Option for additional USD 60 million / New US-oil project in preparation
Heidelberg/Denver. Tekton Windsor LLC, 100% subsidiary of Tekton Energy, signed a contract today, in which the company sells its main assets of the Windsor project in and around Windsor/Colorado. The final validity of the contract is still subject to Due Diligence by the purchaser, which must be completed by 30th May 2014 at the latest (Closing). The parties have agreed that the buyer will not be mentioned by name yet. The sales price amounts to USD 200 million in cash. Of this, the buyer has already paid a creditable but non-repayable retainer fee in the amount of USD 18 million into an escrow account. Tekton will receive this amount even in the event of withdrawal from the contract by the buyer.
Besides some minor assets, Tekton will retain key tracts of acreage, which the management of Tekton rates as highly prospective. The buyer has preemption for this area, which however, has to be exerted before the commencement of the intended drilling program in this area. Should the buyer make use of its preemption, Tekton will receive further USD 60 million.
In addition, the parties have agreed that the purchase will apply with an effective date of 1 January 2014. This means that the buyer will refund all expenditures incurred from 1 January, and in return receives all the proceeds from that date. Since most horizontal wells were drilled in the aftermath of 1 January and have been producing for a few weeks, this means additional net cash flow for Tekton in a double-digit million range.
Over the last year, Tekton’s Management already identified and evaluated an appropriate follow-up project in the US. Since the beginning of 2014, contract negotiations for acreage acquisitions were initialized.
Titus Gebel, CEO of Deutsche Rohstoff AG, commented: “We assume that the contract will be completed effectively. Therewith, the Windsor project would have reached a gratifying early and highly profitable financial completion. The experienced team of Tekton is ready to repeat this success with a new project. ”
Thomas Gutschlag, CFO, adds: “This sale brings a high profit and ensures an early redemption of our bond. The sale proceeds also give us significant financial flexibility in the development of further oil and gas projects in the United States.”

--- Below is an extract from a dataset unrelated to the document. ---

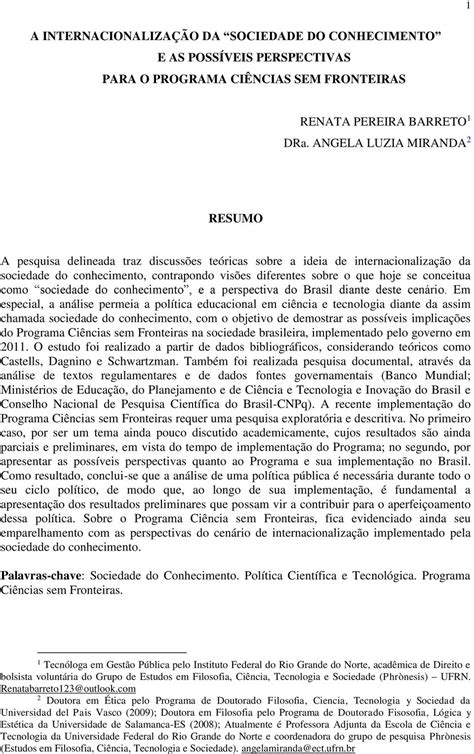 A InternacionalizaÇÃo Da Sociedade Do Conhecimento E As PossÍveis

Deutsche Rohstoff’s share in Tekton stands at 72.15%. Tekton’s ongoing operations are financed with loans from Deutsche Rohstoff. Total receivables against Tekton currently amount to USD 30 million. These loans have to be returned first. The remaining proceeds from the sale plus Tekton’s other available cash can then be distributed to shareholders according to their stake in the company. Deutsche Rohstoff has in addition to the loan invested another USD 30 millon as equity into Tekton.
Meanwhile, the drilling program of Tekton is progressing as planned in agreement with the buyer. Five additional horizontal wells, two with extended horizontal reach, will go into production within the next few days. Nine further holes are drilling and will be connected within the next eight to ten weeks.
Tudor, Pickering, Holt & Co. acted as exclusive financial advisors to Tekton Energy, LLC, and Davis, Graham & Stubbs LLP served as legal advisors for the transaction.